In an attempt to solve the issue, many companies took a step forward towards developing data abstraction layers that would make data more accessible to its consumers. These abstraction layers would sit on top of the data and not only shield users from very complex query languages and interfaces but also would bring an opportunity to the user to make sense of the data in terms of facts and dimensions.
Next Stage of Data Infrastructure
As we moved into the self-service age, we came across some unplanned results. Abstraction and semantic layers became almost a mandatory element of Data Warehousing architectures as business users sought to get more control over their Analytics. The time invested on creating semantics paid off and made everyone want one. However, since every BI tool in the market needed different semantics to understand the data, the investment had to be done multiple times. To alleviate the issue, many data consumers started developing their own version of these abstraction layers, using their own terminology and business rules causing chaos since each one of these abstractions would provide a different answer for the same queries.
Traditional approaches to accessing, curating, accelerating and securing data are costly and complex. Let’s take a look at the key needs that a Data-as-a-Service solutions should address to become an integral part of a robust Data Architecture.
Data Cataloging provides a unified view of the data while allowing users to increase their trust on it. Performing Analytics on a Data-as-a-Service platform that offers data cataloging abilities, allows business users to quickly find the data that they need to perform analysis on. Users can search for data, or find trusted datasets prepared by others, and get on board with their reporting or decision making process much more quickly that waiting for someone in IT to point them in the right direction.
Curation helps making data more useful for the business. Different systems will generate different formats of data that will need to be stored in a variety of repositories. Data Curation allows users to organize the data in a way that is appropriate for their own needs. It also integrates all these different sources into blended datasets that are more valuable that their separate parts.
Time is a valuable resource, in Data Analytics, every second we spend in the decision-making process could translate into exponential costs down the road. This is why a key element of Data-as-a-Service technologies is data acceleration. Faster time to insight is possible when the platform provides optimized access that removes costly and complex computing resource overhead.
Data insights are valuable, they are the fundamentals of any decision making process. Access and manipulation of these insights by the wrong elements can cause a great amount of damaging results. By providing fine-grained levels of security and governance, Data-as-a-Service technologies can guarantee that decisions are based on trustworthy and well managed data.
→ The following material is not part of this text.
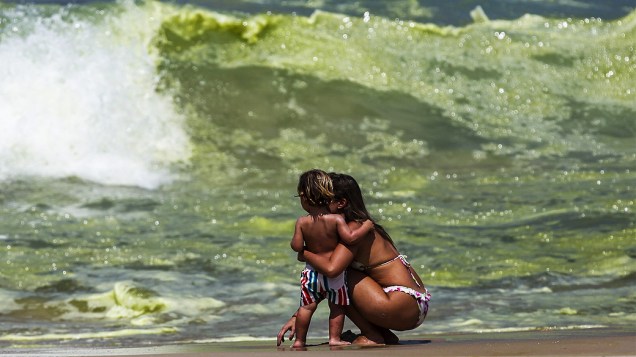 Mulher observa a coloração verde da água da praia de Ipanema, no Rio de Janeiro, nesta sexta-feira (21)<br><br> 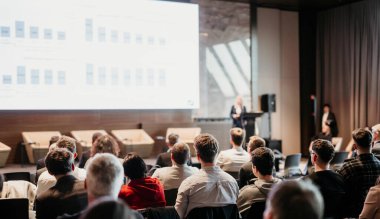 Kadın konuşmacı şirket iş konferansı hakkında bir konuşma yapıyor. Konferans salonundaki tanınmayan insanlar. İş ve Girişimcilik etkinliği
Data-as-a-Service allows business users to self-serve within a framework performing the analytics the want using the tools that they are already familiar with, such as BI and Data Science tools. It allows business users to focus on gaining value from their data while at the same time it provides the opportunity for data engineers to focus on maintaining a proper data platform. While the solution seems simple, it is important for enterprises to pick a tool that would take care of all things needed to avoid for a Data Lake to turn into a Data Swamp.